At this Fort Worth-area restaurant, a robot cat named Bella delivers the sushi
A new all-you-can-eat sushi and hibachi restaurant doesn’t have flaming grills or flashy knife work.
But it does have something everybody wants to see: Bella the robot cat.
Bella and Pudu are the robots that bring orders at Japan House, a new restaurant counting on new technology and cooked-to-order dishes to draw diners to a former Chinese buffet at 7536 Boulevard 26.
The robots — Bella is a friendly kitten, Pudu is more of a self-propelled serving tray — roll alongside a server to deliver repeat orders of sushi, sashimi, teriyaki steak or karaage fried chicken to each table at a restaurant serving all you can eat for $29.99 at dinner and on weekends, $19.99 at weekday lunch.
“I saw one in a restaurant in Plano, and I had to find one,” said Wei Lin, a partner in the new sushi bar-and-grill replacing his family’s buffet.
“I think the robot will attract people to come, and the food will be what makes them stay.”

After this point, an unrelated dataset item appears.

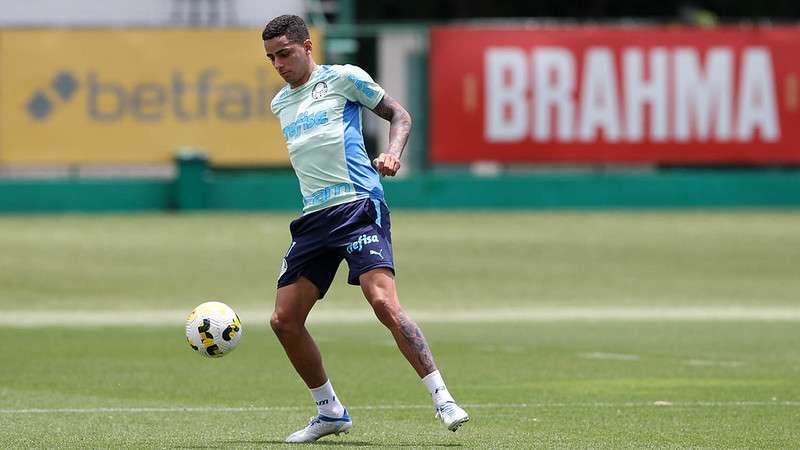 Giovani durante treinamento do Palmeiras na Academia de Futebol.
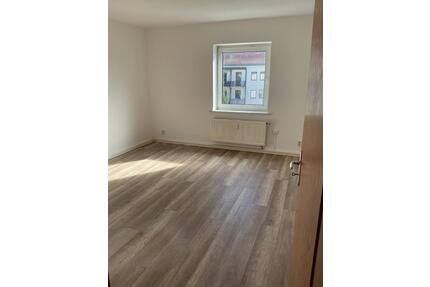 Praktisch, gemütlich, bezahlbar: 2‑Zimmer‑Wohnung für alle Lebenslagen - Brandenburg an der Havel Görden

Bella is interactive and responds to petting. Pudu, on the other hand, is all business.
Robot servers debuted last summer in Texas at Ari Korean BBQ in Carrollton and Plano and at La Duni in Dallas.

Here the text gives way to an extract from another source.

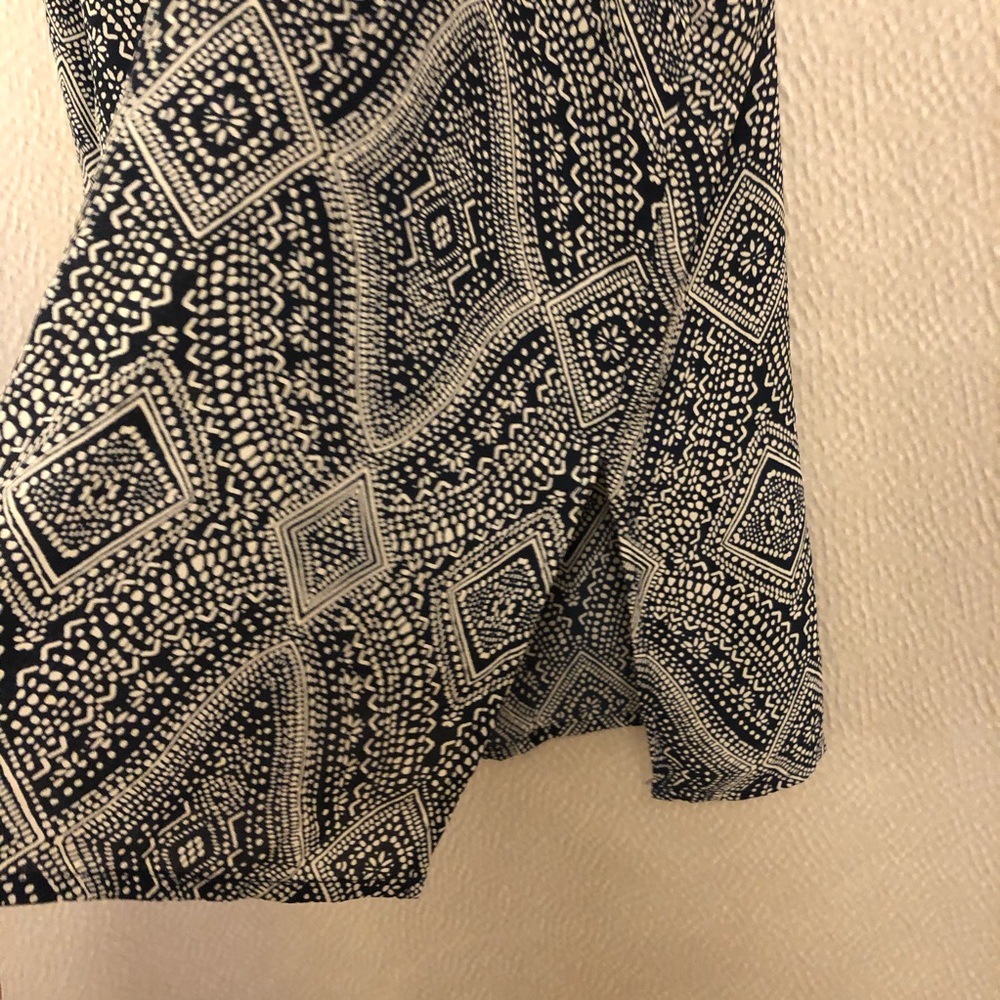 Navy print flowy camisole blouse - Picture 3 of 3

Some restaurant owners say the robots help with the staffing shortage. They’re capable of delivering food to an exact table and returning to the kitchen without an operator.
But Lin said he still wants a server to arrive alongside the robots and personally present the food.
“I’ve seen restaurants where you just take your food, press a button and send it back,” he said. “We want to make a personal connection with the customer.”
Japan House would do well even without a robot cat.
The menu features hibachi or teriyaki steak, chicken, shrimp or salmon, with hundreds of other choices, such as ramen or poke, an ahi tuna tower and fried chicken, shrimp or dumplings.
At dinner, Japan House also offers Japanese short ribs.
The 30 raw and cooked sushi rolls include the deep-fried “super chy chy” roll with spicy tuna, spicy crab and spicy mayo, or the “rock ‘n’ roll” with crabmeat and crawfish.
If there’s a drawback, it’s that the 138-item menu is a little overwhelming when you can order all you can eat.
Settle on a couple of rolls and an entree, then see if you want to try something different.
The more times you order, the more times the robot comes to the table.
Don’t expect anything as nice as at, say, Tokyo Cafe. But expect a wide selection and a lot for the price, particularly at lunch. Ask for extra sriracha and wasabi.
Lin’s family also has a role in operating two other local all-you-can-eat restaurants: China Harbor Super Buffet in Arlington, a traditional Chinese buffet, and Chamas do Brazil in Arlington, a Brazilian churrascaria.
“I think the sushi and sashimi are what people want now,” he said.
And Bella.
Japan House serves lunch and dinner daily. It’s just west of Loop 820 on Boulevard 26 in front of City Hall, in a location built as a chain restaurant named China Coast; 817-537-2223, japanhousedfw.com.